▶ **Data provided**:
== Segment start ==

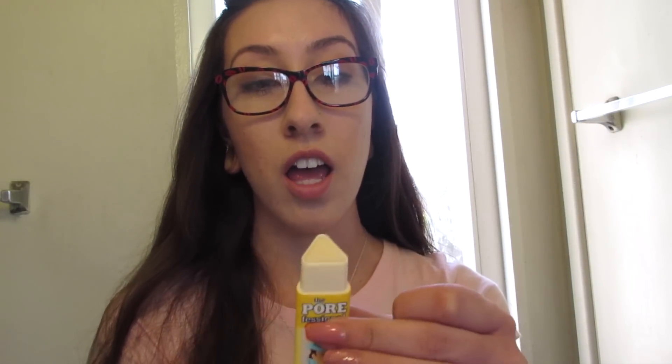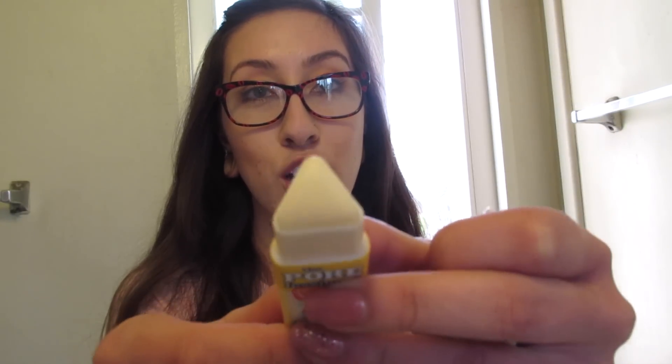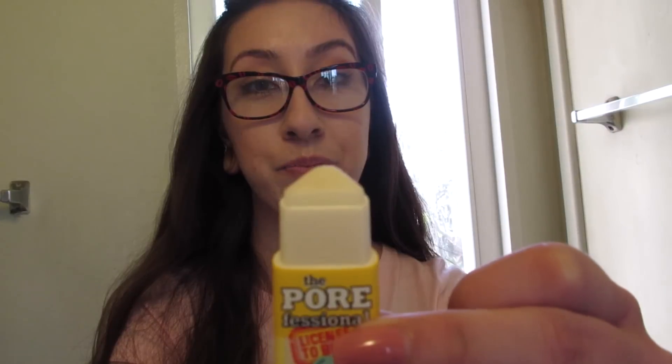So here's the little stick. It has a triangular pyramid head, and I learned that it's good to have a tip like that so you can get in between these little areas on the sides of your nose. It's really good to get in between your eyebrows on your forehead too.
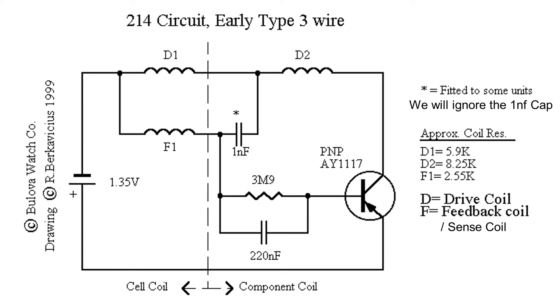Let's look at the electronic circuit layout. The entirety of this really boils down to just a couple of things: one battery, one transistor, three coils — two of which drive the tuning fork and one of which senses the position of the tuning fork — and a resistor-capacitor starting system to get things going. There are some variations in the Accutron models, but in general we'll be going over this basic layout.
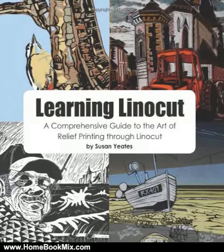This is the summary of Learning Linocut, a comprehensive guide to the art of relief printing through Linocut by Susan Yates.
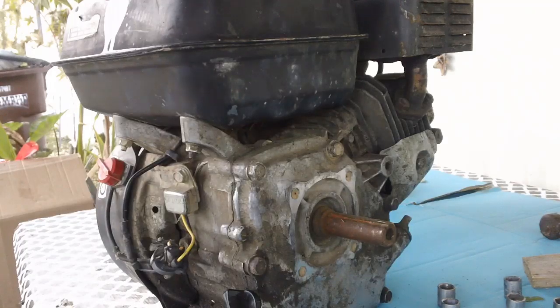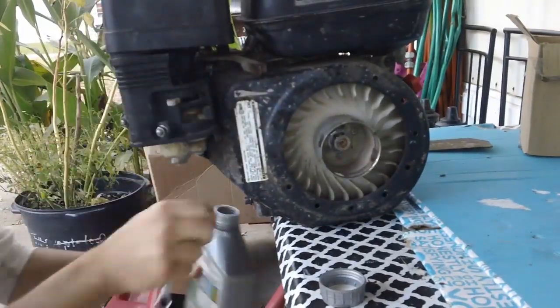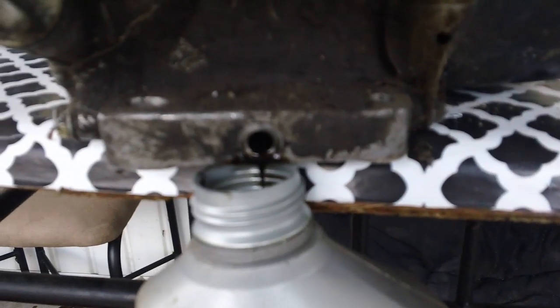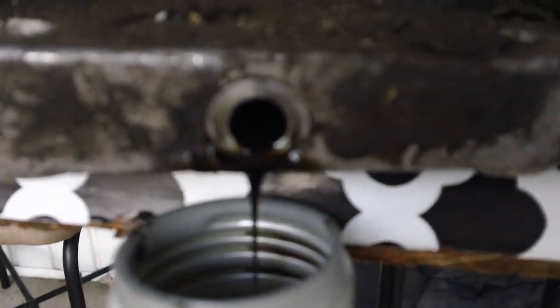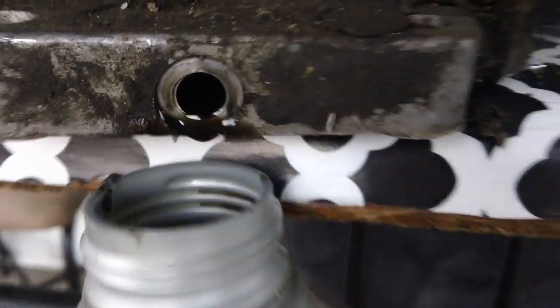Alright, now we're going to start on our Honda GX 160 teardown. That oil is not the prettiest — that's all it had in it. Holy crap.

== Segment end ==

After locating the line with "This is the", transcribe it and the rest of the data above exactly as written, without any picture.

This is the summary of Learning Linocut, a comprehensive guide to the art of relief printing through Linocut by Susan Yates.
Alright, now we're going to start on our Honda GX 160 teardown. That oil is not the prettiest — that's all it had in it. Holy crap.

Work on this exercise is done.